El primer verano que pasaron en Ucrania fue enteramente delicioso. Las cartas que ese año escribió a sus amigos son un encanto de gracia, de malicia, y tienen una alegría infantil y ligera. A principios de agosto fue a pasar algunos días en casa de los Suvorine, en Crimea; viajó por el mar Negro y el mar Caspio. Era feliz, estaba contento; gozaba ingenuamente de su éxito.
El año 1889 apareció ensombrecido desde sus comienzos por la enfermedad de Nicolás. Desde mucho tiempo atrás su salud inspiraba temores a los suyos. Chejov no podía cerrar los ojos ante la evidencia: su hermano se moría de tuberculosis. Pagaba ahora el precio de una existencia absurda: esa juventud sin calor y sin techo, en la que corría por la nieve con las botas agujereadas; la pasión por el vino, la relación degradante. «Los asuntos del pintor van mal. Los días son cálidos. Toma mucha leche, pero la temperatura es la misma; el peso disminuye cada día. La tos no lo deja descansar. Está acostado en su cuarto, sale por media hora, duerme mucho y delira en sueños.» (4 de junio de 1889). Se acercaba el final. Chejov, médico, encontraba en sí mismo los alarmantes síntomas de la enfermedad de Nicolás. Había tenido una segunda hemorragia, muy fuerte, en 1886. «Cada invierno, otoño y primavera, y cada día húmedo del verano, yo toso. Pero eso me da miedo solamente cuando veo sangre» (Carta a Suvorine, 14 de octubre de 1888). Sin embargo, no se dignaba cuidarse, cambiar de vida. Miraba morir a Nicolás con profunda piedad. Había querido mucho a su hermano y le reconocía un gran talento. Era ese talento perdido, sobre todo, lo que él lamentaba.

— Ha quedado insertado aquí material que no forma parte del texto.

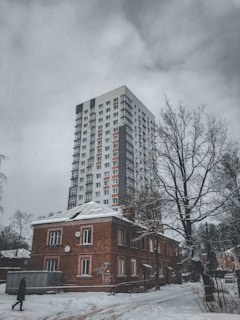 Charming senior apartment building with snow-dusted rooftops.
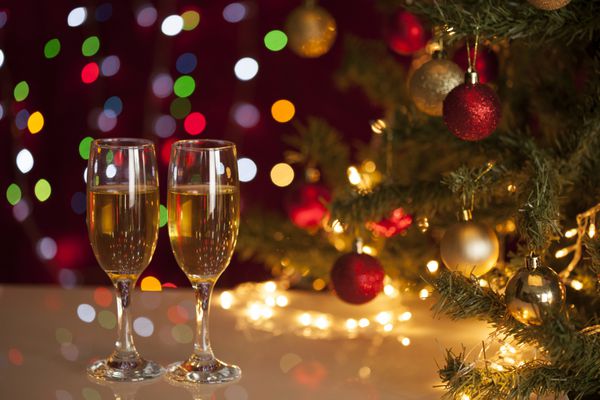 دو لیوان شامپاین در نزدیکی درخت کریسمس زیبا
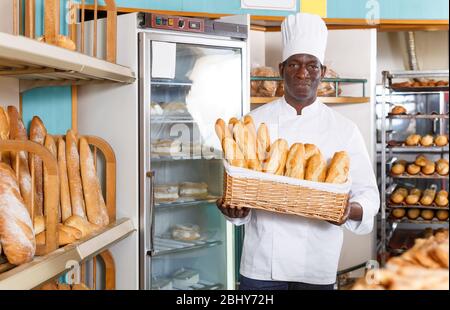 Chef di panetteria afroamericana in uniforme bianca che tiene un cesto di vimini con baguette appena sfornate al bakeshop Foto Stock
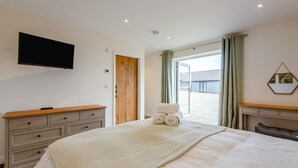 Une chambre à coucher avec un lit, une télévision, une porte en bois, une fenêtre avec des rideaux et une vue sur l’extérieur.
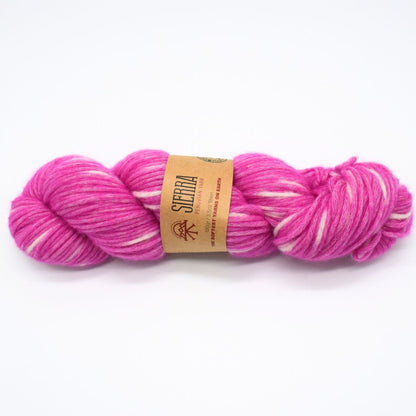 Pink and white skein of yarn with a label on a white background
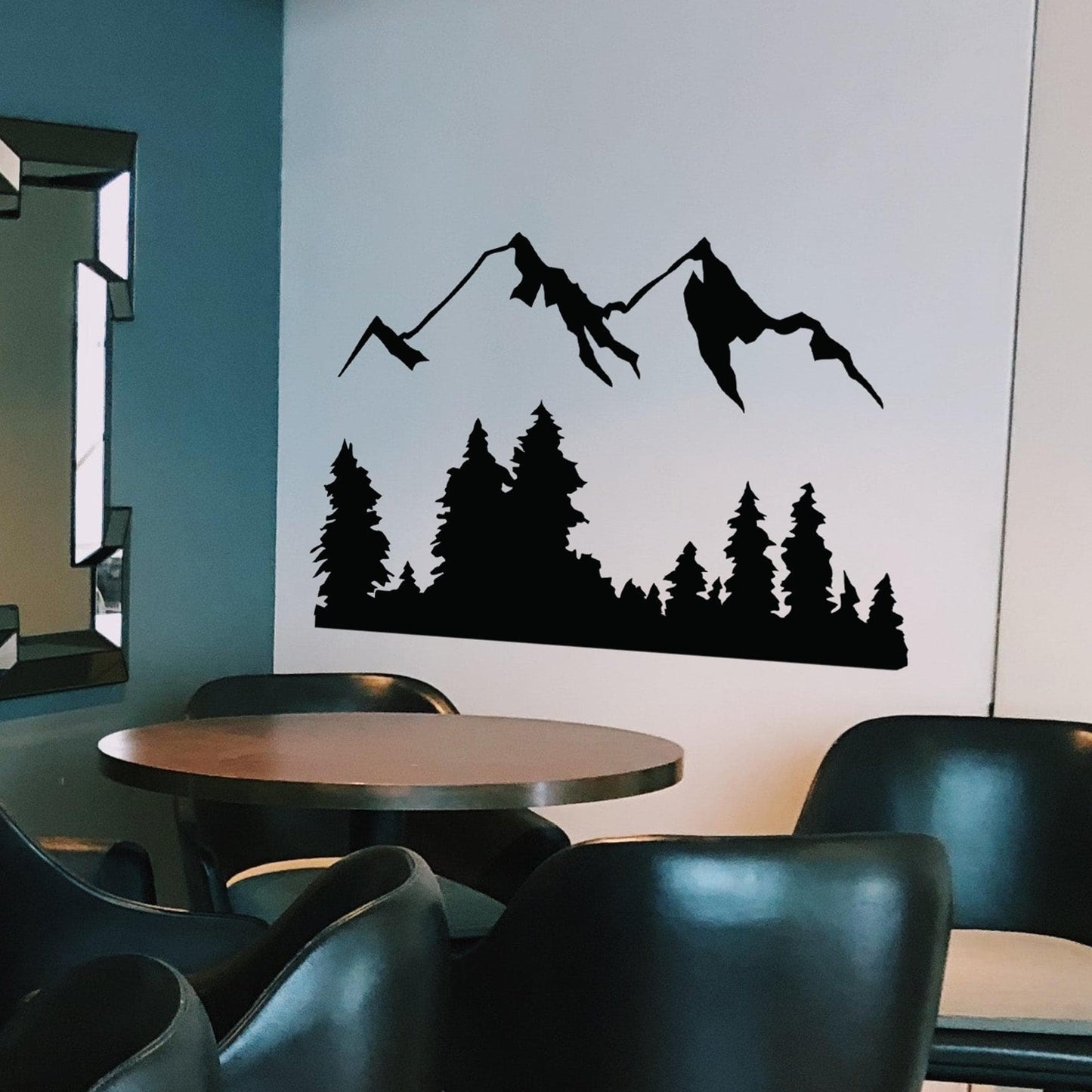 Black mountain decal on a white wall in a dining room.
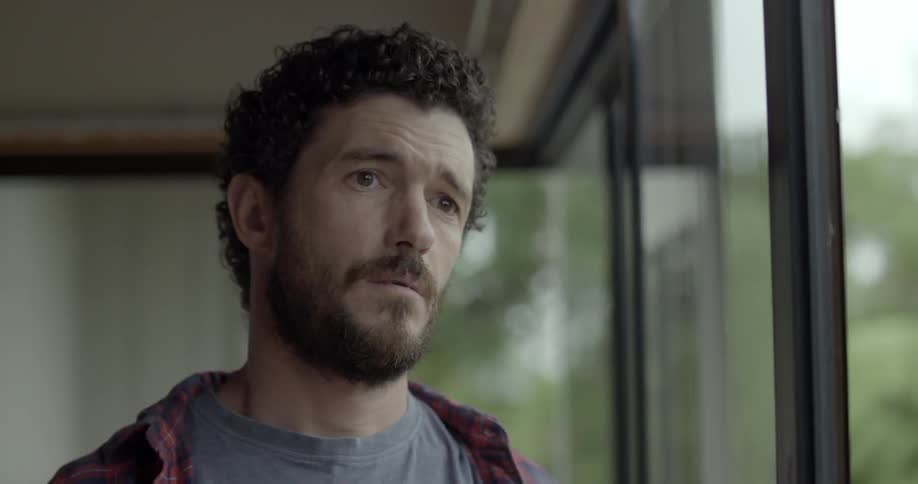 A man stands in a room filled with windows and looks outside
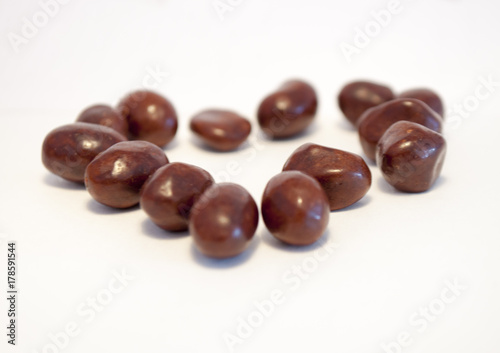 Peanuts in chocolate isolated on white background.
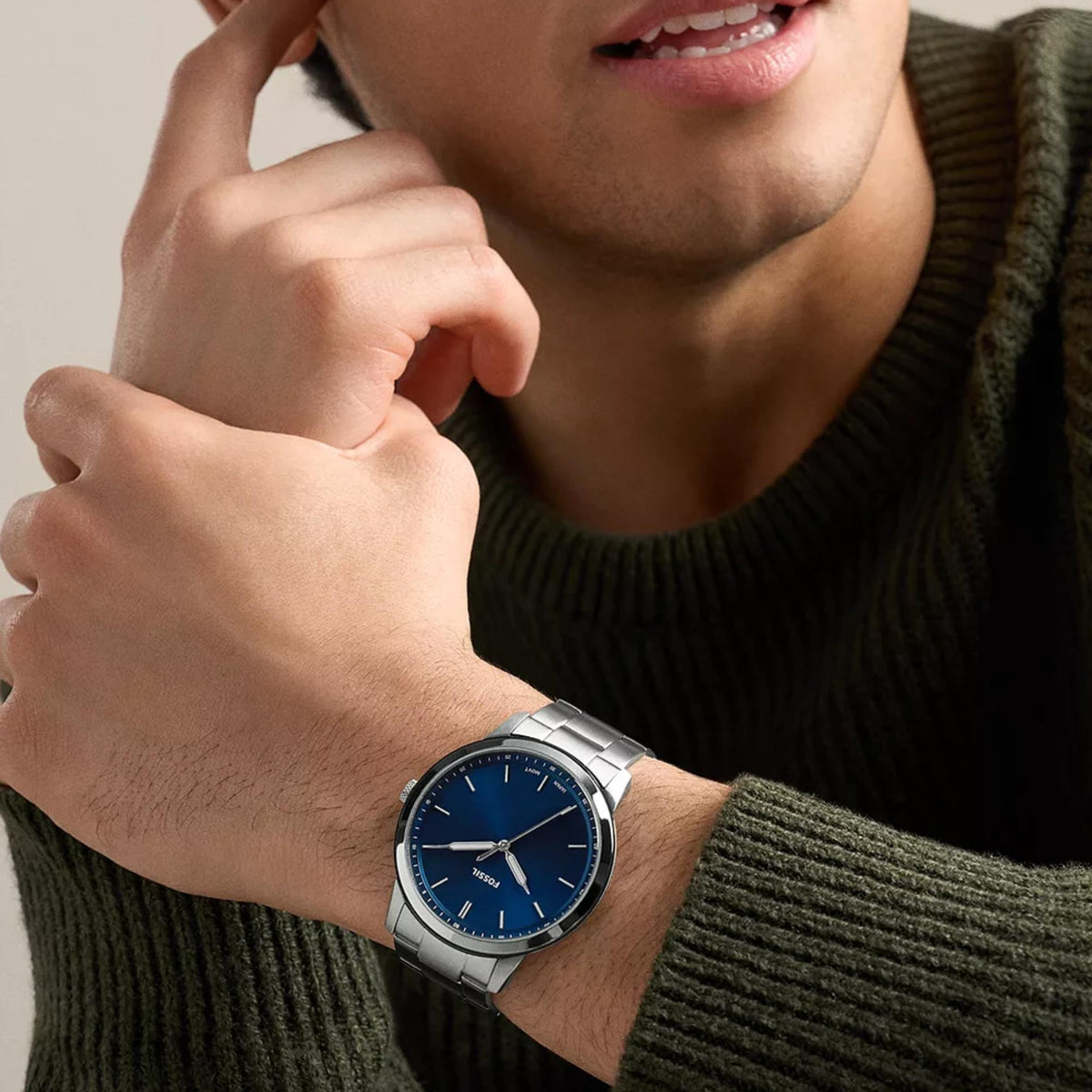 Fossil Minimalist FS6180 mens quartz watch on wrist featuring round blue dial and silver tone steel case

En el mes de junio llegó Alejandro y Chejov quiso aprovechar para descansar unos días. Deseaba volver, con un amigo, a la propiedad de los Smaguine, que tanto le gustara el año anterior, y acostarse de nuevo en el cuarto donde el ruiseñor había hecho su nido y donde crecían, sobre el piso, los brotes de los cerezos salvajes. Pero ahora todo era distinto… En la mitad del camino comenzó a llover. Chejov y su acompañante llegaron a la casa de los Smaguine «de noche, empapados, transidos; nos acostamos en camas frías; nos adormecimos con el rumor de la lluvia fría. En la vida olvidaré ese camino embarrado, este cielo gris, estas lágrimas sobre los árboles. Por la mañana llegó un campesino que nos traía un mensaje completamente mojado: Kolia había muerto».

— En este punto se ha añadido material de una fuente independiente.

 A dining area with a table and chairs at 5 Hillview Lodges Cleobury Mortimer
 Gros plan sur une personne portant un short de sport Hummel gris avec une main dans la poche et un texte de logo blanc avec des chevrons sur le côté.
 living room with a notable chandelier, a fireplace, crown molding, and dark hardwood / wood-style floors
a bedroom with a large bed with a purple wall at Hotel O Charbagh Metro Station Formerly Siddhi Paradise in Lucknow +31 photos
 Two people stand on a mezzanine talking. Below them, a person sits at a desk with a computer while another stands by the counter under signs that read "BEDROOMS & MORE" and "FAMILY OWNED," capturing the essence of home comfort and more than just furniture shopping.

Volvieron en seguida. En la ciudad tuvieron que esperar el tren desde las siete de la tarde hasta las dos de la mañana. Sin saber qué hacer, Chejov vagó por las calles frías, oscuras, desiertas. Entró en el jardín municipal; buscó el refugio de una pared; era la pared de un teatro; se podía escuchar a los actores; ensayaban un melodrama. Algunas semanas antes soñó que recibía una condecoración (Stanislas de tercera clase):
—Te espera una cruz, Antocha —le dijo su madre. Como todas las mujeres del pueblo, sabía tirar las cartas, interpretar los presagios, explicar los sueños:
—Es una cruz, un sufrimiento…
Al día siguiente, estaba de vuelta en su casa. El entierro lo tranquilizó un poco. Había tanta calma; los hermanos y los amigos del pobre Nicolás llevaron el ataúd hasta el cementerio del pueblo; «la cruz se ve desde muy lejos a través de los campos. Parece que él (Nicolás) estuviera acostado allí muy confortablemente».